Nelle ultime settimane del 2020 si è parlato molto dei problemi legali dei giganti di Internet. I fronti aperti sono davvero tanti, dalla violazione delle norme in materia di concorrenza alla presunta elusione fiscale, dal sistematico utilizzo illecito dei dati personali nella profilazione degli utenti alla capacità dell’algoritmo di incidere sui processi decisionali della politica. Questi fattori di rischio che hanno una duplice matrice di rischio, economica per il mercato e democratica per i diritti civili; e i timori sono condivisi a livello internazionale.
Ma ciononostante si deve registrare l’incapacità dei singoli Stati e delle organizzazioni internazionali di andare oltre sterili dichiarazioni d’intenti circa la volontà di contrastare la forza di questi solidi colossi.
Negli Stati Uniti d’America, la US Federal Trade Commission ha intrapreso un’azione legale per la violazione delle norme in materia di concorrenza. Oggetto dell’azione sono gli effetti delle acquisizioni da parte di questi soggetti degli altri operatori presenti sul mercato, ad esempio l’acquisto di Whatsapp e di Instagram da parte di Mark Zuckerberg ha oggettivamente creato una situazione di monopolio sul mercato dei social network. Ma è da anni che gli over the top riescono a operare sul mercato utilizzando gli enormi flussi di cassa che derivano dalla redditività della gestione corrente per acquisire le società ed i brand che potrebbero, in qualche modo, competere con loro.
Questa strategia non è una peculiarità di Facebook, ma anche di Google, Amazon, Apple e Twitter. Sono troppo grandi sia per competere con i piccoli che tra di loro. E la strategia diventa creare sistemi monopolistici che vanno oltre il concetto tradizionale di monopolio, invadendo settori contigui dell’economia e della società. Booking non è certo l’ultimo arrivato e ha sempre cercato a sua volta di escludere dal mercato i competitors. Ma ora accusa Google di creargli una barriera operativa insormontabile in quanto i risultati di geolocalizzazione, che includono la possibilità di prenotare direttamente da Google, prevalgono sulle inserzioni sponsorizzate. Insomma, un grande cliente del più importante motore di ricerca teme di essere cannibalizzato dal fornitore.

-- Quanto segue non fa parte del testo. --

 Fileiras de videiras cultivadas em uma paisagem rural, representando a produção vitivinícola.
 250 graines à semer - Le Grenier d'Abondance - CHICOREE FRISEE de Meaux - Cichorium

I differenti trattamenti fiscali tra i Paesi europei consentono a queste grandi multinazionali di essere presenti nel vecchio continente scegliendo dove e a chi pagare le tasse: il che significa scegliere quante pagarne e, chiaramente, la scelta ricade sui paesi a fiscalità di vantaggio come Irlanda e Olanda. Le misure adottate in tema di tutela del diritto d’autore, di ripartizione dei compensi, di tutela dei dati personali sono state sempre annunciate come misure drastiche, risolutive. Ma sono acqua fresca rispetto alla potenza di fuoco di questi soggetti che possono mettere in campo risorse finanziarie, tecniche e di competenze specifiche che gli stessi Stati non hanno. E rimane ancora, seppure sfumato, il vecchio mantra della libertà di Internet, del mercato perfetto, della efficiente allocazione delle risorse e del futuro digitale.
E allora diventa necessario comprendere che questa non è una delle tante sfide per il futuro, ma una partita essenziale per definire gli assetti del mondo che verrà e per evitare che dalla Silicon Valley parta una nuova guerra santa lanciata dai sultani digitali.